De notre imperfection
L’imperfection se définit par rapport à un modèle ou une norme donnée, et correspond au fait de connaître des limites, des manques, des défauts ou des failles par rapport à cette norme.
Dégager la problématique et construire un plan
La problématique
La question est de savoir si le fait de désirer est la preuve de notre insuffisance : certes, c’est l’idée d’un manque qui soutient le désir, mais faut-il en conclure que le désir est le signe de notre imperfection ? Quand nous désirons, nous avons l’idée qu’il nous manque une chose, mais s’agit-il d’une chose dont nous sommes privés, ou bien d’une chose que nous ne possédons pas encore et que notre désir nous pousse à conquérir ? Autrement dit, désirer, est-ce souffrir d’un manque et reconnaître notre incomplétude, ou bien au contraire vouloir s’améliorer ?
Le plan
Nous montrerons tout d’abord que le désir témoigne de notre imperfection : il naît d’une souffrance liée à l’idée d’une privation, or la perfection est plénitude. En ce sens, il est à la fois la preuve de notre insuffisance et ce qui nous livre à la souffrance.
Puis nous verrons que le désir ne saurait être la marque de notre imperfection mais plutôt la condition de notre perfectionnement.
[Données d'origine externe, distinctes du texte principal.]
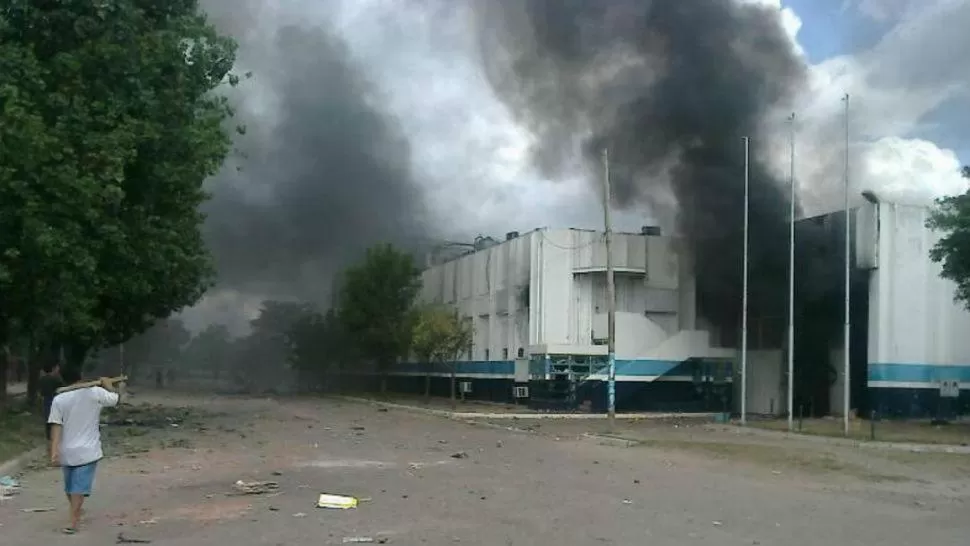 INCIDENTES EN SANCOR. En la distribuidora láctea de Banda de Río salí se enfrentaron saqueadores y custodios; allí habría perdido la vida Aldo Molina. FOTO DE HERNÁN FERNÁNDEZ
Nous pourrons alors en conclure que le désir est ce par quoi nous nous accomplissons : s’il nous ouvre vers ce que nous ne sommes pas, s’il nous améliore, il est le signe même de notre puissance.
Éviter les erreurs
Attention à bien définir le terme d’imperfection : s’il semble à première vue avoir une valeur négative, il peut également être envisagé comme la condition d’un perfectionnement.
Corrigé
Corrigé
Les titres en couleurs et les indications entre crochets servent à guider la lecture mais ne doivent pas figurer sur la copie.
Introduction
Le désir témoigne-t-il de notre insuffisance ? On pourrait penser que puisque nous ne désirons que ce qui nous manque, désirer trahit l’existence de ce manque et prouve ainsi notre imperfection. Pourtant, que vaudrait pour nous une vie sans désir ? Le désir est un sentiment durable fondé sur la représentation d’un manque, et qui tend à le faire disparaître. Distinct du besoin propre à la vie animale, il sort l’homme de la répétition en le projetant vers le possible. Le rapport du désir à sa satisfaction est cependant ambigu : ce que vise le désir, est-ce sa propre abolition dans le plaisir, ou peut-on dire qu’il y a du plaisir dans le fait même de désirer ? Dire qu’il est la marque de notre imperfection, c’est dire qu’il en est le signe ou la preuve. L’être imparfait est un être qui connaît des limites, des manques ou des défaillances, par rapport à un modèle ou à une norme donnée. La question est finalement de savoir de quelle nature est ce manque qui soutient le désir : désirons-nous ce dont nous sommes privés, ou bien ce qui nous permet de nous développer ? Et si notre désir nous pousse à conquérir ce que nous n’avons pas, pourquoi faudrait-il voir en lui le signe de notre impuissance ? Désirer, est-ce souffrir d’un manque et reconnaître notre incomplétude, ou bien au contraire vouloir s’améliorer ?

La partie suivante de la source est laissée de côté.